_How to complete this task_: Go through the material below and report how many lines contain "target". Give only the number.

◇ ◇ ◇

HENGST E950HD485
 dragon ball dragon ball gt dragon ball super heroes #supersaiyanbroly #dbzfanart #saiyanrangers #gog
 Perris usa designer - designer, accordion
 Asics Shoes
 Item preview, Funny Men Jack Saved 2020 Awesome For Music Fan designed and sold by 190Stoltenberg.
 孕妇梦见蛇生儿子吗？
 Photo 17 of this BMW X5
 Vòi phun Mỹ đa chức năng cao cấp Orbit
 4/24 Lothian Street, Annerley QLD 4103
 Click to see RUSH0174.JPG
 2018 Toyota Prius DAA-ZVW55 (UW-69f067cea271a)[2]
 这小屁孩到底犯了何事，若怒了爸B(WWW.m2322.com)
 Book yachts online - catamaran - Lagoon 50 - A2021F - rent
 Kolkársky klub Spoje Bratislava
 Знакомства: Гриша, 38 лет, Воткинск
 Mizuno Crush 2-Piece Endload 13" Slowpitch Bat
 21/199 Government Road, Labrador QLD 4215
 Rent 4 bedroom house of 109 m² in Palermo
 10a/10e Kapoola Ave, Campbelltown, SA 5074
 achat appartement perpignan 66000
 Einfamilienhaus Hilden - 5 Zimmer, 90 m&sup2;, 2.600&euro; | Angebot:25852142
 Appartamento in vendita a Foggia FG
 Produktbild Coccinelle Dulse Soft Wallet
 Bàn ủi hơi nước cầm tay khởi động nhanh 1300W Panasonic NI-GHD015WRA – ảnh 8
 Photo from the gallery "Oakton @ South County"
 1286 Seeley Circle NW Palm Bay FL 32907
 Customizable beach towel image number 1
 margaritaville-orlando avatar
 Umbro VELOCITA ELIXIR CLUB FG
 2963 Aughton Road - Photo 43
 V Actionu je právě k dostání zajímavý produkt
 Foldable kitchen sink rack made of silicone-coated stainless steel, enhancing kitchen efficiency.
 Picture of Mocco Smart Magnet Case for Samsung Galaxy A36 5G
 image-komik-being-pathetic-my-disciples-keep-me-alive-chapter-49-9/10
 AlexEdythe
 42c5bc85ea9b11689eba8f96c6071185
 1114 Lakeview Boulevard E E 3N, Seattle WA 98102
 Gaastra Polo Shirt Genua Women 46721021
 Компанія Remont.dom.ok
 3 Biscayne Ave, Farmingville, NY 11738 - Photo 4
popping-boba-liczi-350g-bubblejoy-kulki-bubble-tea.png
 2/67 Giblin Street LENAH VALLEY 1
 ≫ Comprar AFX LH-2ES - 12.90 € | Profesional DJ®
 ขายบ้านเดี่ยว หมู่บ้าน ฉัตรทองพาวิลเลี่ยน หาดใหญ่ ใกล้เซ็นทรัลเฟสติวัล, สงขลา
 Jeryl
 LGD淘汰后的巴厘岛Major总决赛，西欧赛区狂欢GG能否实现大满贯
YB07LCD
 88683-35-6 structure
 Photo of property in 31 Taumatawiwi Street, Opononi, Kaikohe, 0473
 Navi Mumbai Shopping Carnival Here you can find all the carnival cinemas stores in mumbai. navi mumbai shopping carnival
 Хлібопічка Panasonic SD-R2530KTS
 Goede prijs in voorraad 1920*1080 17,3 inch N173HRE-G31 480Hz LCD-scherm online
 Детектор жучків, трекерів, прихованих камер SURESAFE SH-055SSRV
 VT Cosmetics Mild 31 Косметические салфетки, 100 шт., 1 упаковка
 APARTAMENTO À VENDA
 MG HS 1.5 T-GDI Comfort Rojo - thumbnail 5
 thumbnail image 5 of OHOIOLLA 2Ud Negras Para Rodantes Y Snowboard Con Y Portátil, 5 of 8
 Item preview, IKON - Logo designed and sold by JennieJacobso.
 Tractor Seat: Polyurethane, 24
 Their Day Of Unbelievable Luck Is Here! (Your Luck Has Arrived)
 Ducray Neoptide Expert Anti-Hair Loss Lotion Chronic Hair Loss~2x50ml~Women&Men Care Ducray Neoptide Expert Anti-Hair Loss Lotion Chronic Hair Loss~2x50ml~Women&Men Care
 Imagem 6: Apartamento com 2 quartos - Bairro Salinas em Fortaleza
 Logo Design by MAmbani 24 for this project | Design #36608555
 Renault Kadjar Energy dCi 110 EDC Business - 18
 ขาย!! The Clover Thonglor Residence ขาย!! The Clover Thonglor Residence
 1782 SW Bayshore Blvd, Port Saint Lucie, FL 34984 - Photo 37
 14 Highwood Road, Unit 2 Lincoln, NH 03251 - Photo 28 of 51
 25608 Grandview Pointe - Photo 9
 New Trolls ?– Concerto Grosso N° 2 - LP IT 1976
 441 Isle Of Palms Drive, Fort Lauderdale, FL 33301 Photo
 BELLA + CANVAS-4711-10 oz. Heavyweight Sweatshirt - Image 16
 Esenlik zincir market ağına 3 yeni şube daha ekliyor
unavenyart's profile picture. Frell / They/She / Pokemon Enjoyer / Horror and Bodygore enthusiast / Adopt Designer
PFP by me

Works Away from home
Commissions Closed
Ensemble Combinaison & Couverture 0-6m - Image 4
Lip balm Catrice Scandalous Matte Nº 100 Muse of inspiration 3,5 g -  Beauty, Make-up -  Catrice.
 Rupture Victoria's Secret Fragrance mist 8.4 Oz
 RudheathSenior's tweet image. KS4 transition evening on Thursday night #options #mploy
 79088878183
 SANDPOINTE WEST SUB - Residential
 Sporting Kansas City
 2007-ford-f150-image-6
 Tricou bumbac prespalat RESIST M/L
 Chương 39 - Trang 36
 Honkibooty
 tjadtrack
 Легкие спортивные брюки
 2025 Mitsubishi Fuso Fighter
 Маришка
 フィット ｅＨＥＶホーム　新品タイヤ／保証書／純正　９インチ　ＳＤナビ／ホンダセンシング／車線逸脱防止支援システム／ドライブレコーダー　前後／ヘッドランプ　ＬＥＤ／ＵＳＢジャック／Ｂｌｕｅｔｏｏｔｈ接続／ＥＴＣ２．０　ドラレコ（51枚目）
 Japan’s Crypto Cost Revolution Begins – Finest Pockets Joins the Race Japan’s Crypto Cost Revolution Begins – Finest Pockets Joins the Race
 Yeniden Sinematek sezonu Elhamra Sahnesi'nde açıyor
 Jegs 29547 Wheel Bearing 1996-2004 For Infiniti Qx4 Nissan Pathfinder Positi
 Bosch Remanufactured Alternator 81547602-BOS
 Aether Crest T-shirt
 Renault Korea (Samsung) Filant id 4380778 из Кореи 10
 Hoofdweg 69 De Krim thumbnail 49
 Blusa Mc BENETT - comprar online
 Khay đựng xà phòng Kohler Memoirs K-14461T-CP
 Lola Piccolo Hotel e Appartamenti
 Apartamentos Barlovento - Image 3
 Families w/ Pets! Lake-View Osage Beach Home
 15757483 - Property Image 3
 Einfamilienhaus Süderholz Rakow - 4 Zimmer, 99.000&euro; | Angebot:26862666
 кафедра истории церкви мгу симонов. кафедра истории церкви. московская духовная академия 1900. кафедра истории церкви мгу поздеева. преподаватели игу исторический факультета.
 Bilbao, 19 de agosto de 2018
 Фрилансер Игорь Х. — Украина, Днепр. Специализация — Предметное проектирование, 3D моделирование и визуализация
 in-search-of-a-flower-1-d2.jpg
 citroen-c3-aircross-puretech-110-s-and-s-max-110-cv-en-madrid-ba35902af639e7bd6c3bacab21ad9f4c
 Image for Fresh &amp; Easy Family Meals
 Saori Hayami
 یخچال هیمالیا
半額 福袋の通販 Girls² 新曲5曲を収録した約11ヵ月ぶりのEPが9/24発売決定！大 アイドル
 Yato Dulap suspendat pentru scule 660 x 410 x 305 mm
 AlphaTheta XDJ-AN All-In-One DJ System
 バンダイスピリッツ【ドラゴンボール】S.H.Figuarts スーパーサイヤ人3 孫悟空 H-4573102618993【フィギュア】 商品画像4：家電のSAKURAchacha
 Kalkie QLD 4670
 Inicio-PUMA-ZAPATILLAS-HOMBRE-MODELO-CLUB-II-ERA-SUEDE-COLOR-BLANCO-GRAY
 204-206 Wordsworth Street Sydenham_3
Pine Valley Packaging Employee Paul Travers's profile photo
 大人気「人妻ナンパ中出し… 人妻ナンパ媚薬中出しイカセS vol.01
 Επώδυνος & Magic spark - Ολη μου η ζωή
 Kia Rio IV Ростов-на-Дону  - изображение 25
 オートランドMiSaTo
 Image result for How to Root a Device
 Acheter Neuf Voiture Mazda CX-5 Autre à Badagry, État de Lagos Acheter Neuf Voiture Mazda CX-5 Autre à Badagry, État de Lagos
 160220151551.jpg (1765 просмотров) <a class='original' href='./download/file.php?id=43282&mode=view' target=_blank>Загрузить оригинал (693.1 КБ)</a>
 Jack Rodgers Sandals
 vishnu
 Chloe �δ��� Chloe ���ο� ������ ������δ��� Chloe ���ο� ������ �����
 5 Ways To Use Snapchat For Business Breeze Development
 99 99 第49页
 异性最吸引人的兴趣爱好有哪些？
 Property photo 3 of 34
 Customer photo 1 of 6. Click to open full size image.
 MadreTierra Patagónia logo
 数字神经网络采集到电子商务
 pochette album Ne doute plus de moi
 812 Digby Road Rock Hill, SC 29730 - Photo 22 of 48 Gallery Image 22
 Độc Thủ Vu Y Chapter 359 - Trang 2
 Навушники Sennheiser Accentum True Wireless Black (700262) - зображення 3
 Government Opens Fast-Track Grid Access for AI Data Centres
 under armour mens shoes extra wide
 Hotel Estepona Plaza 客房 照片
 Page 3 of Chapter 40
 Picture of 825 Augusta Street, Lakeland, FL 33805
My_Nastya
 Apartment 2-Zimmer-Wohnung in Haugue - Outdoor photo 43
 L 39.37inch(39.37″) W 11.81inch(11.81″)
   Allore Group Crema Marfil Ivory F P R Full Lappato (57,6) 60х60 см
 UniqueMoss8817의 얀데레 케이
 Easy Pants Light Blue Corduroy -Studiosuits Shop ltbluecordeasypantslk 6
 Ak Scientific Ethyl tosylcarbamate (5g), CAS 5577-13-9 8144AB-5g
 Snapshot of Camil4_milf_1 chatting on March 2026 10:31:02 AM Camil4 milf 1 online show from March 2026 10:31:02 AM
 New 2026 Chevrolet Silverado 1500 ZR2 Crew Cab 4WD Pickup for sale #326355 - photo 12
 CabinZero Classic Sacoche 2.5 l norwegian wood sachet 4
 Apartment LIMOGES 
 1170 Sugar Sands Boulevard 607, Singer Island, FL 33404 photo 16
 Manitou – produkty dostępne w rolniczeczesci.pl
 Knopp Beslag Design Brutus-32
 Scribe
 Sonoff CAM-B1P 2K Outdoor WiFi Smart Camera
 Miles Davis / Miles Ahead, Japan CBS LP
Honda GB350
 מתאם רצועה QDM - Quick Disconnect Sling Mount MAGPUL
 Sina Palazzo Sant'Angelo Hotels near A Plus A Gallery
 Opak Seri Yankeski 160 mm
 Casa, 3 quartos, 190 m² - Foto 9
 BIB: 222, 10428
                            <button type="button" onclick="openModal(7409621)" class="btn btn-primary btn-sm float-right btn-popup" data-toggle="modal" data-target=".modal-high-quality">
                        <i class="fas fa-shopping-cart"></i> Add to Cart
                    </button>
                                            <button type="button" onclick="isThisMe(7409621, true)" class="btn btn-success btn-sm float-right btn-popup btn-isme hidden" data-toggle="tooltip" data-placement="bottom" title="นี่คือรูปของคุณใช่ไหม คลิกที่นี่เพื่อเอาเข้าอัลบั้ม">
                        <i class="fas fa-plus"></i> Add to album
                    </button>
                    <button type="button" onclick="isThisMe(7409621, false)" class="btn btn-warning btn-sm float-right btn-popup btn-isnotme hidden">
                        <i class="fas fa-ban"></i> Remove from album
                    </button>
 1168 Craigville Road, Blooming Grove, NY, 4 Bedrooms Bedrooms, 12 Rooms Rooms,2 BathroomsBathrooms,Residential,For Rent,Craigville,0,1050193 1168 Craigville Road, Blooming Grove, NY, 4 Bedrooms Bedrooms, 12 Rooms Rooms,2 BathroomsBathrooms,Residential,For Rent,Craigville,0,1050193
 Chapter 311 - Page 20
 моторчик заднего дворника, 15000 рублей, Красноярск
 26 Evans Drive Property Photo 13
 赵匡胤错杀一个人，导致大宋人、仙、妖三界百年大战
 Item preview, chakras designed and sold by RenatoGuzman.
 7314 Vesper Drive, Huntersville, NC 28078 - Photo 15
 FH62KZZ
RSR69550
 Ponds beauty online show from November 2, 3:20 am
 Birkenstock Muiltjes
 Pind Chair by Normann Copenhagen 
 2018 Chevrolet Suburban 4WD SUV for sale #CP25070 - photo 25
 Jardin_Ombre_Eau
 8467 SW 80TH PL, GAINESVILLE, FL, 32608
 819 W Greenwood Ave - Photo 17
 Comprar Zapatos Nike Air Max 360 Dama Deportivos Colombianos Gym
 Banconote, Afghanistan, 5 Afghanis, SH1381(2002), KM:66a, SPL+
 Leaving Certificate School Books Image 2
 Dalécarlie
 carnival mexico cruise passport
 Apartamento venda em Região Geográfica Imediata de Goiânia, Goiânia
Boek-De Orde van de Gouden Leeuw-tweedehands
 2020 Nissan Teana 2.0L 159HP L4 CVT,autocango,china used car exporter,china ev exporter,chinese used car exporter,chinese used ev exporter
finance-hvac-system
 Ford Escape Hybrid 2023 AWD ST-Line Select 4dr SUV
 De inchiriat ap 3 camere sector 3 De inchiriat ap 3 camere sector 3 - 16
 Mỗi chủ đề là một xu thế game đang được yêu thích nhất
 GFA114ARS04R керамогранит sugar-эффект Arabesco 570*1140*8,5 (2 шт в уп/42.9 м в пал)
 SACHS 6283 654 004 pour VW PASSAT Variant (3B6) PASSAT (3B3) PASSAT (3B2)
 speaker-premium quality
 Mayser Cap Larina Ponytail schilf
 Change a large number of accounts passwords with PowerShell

◇ ◇ ◇

_Answer to this problem_: 2